Nevertheless, for him to qualify should he decide to go for full professorship, he has to have completed a certain number of years at the associate position, which, I think is 5 at his school, and at least 12 years of teaching total. He does have to have a wee bit of publishing or conference attending, committees participated on/chaired – things that demonstrate professional development.
No one at his school could go straight from PhD to full professor in a year. In addition to the publishing and professional advancement requirements, there is also a question simply of being an assistant professor for X number of years. And then X number of years to become full.

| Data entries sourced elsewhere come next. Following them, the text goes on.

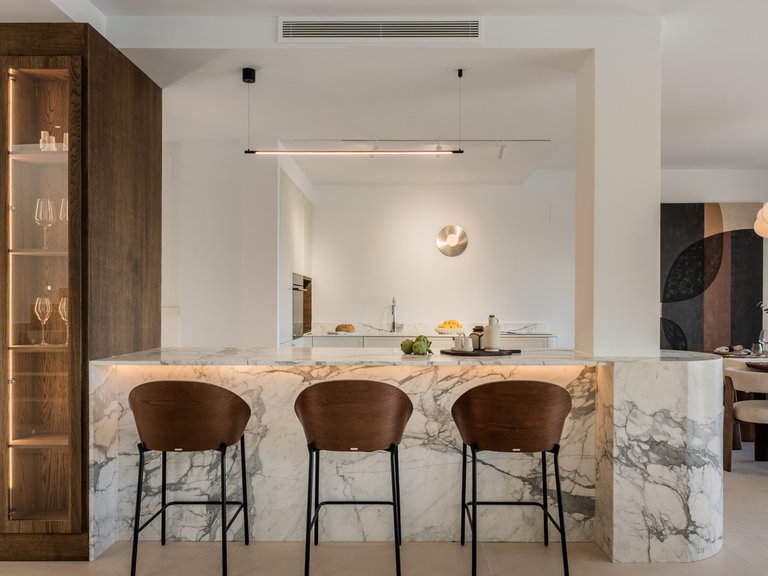 Apartment for Sale in Nueva Andalucía, Malaga 43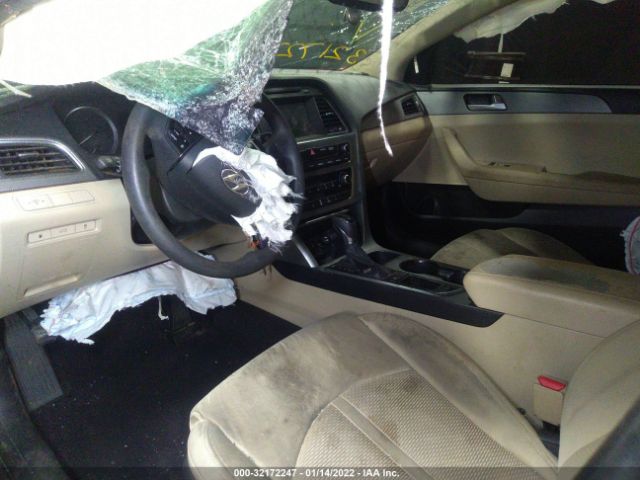 Photo 4 VIN: 5NPE24AF1HH441161 - HYUNDAI SONATA 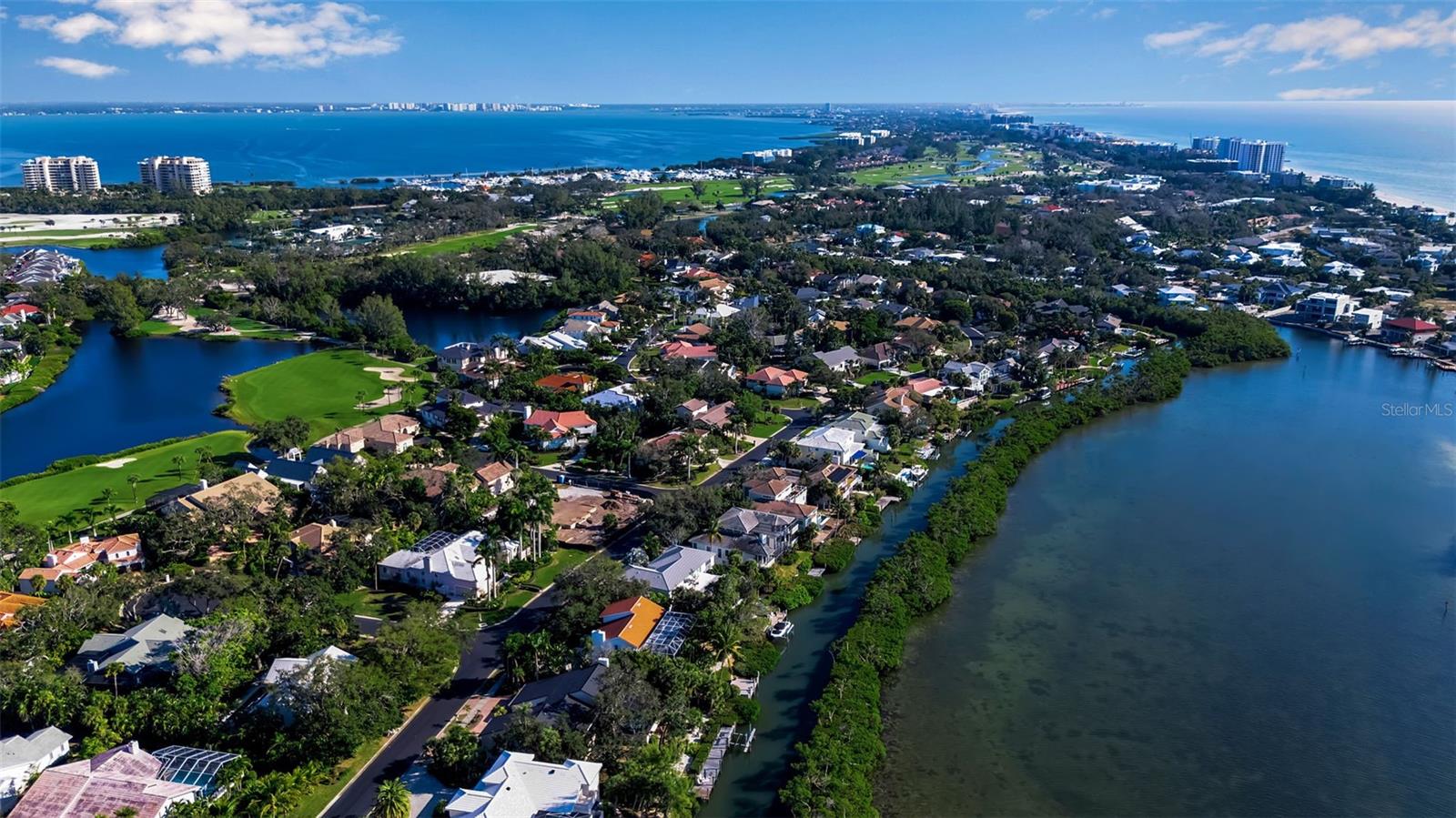 BAY ISLES - Residential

There are some exceptions; sometimes one goes backwards – for example, if you are a full professor at Uni X, and you wish to take a job at Uni Y, you might get ‘busted down’ to associate professor for a year, or maybe you can accept the job only if you agree to be an associate for a year. Also sometimes you will be offered a job at uni Y at a higher rank. Although you can be busted – one of my music profs was a full professor who finished his career as an assistant professor when it was discovered that he had not paid a single royalty for the uni choir in something like 10 years, and the school owed about $20,000 in fees and fines. In exchange for not sacking him, he agreed to go to a year to year contract as punishment. It was extremely humilitating for him, as everyone knew, but he was still too young to retire, and the fiasco too well known for any other school to hire him.
Some professors never apply for full professorship, so it’s not a matter of ‘not making the grade’ – it depends on your own motivation and not all schools have a limited number of slots. His school allows as many full professors who want to be and who qualify. Also, to go to full professor, the committee isn’t all full professors, but tenured professors (so it can be your peers. At his school, there has to be at least one full professor).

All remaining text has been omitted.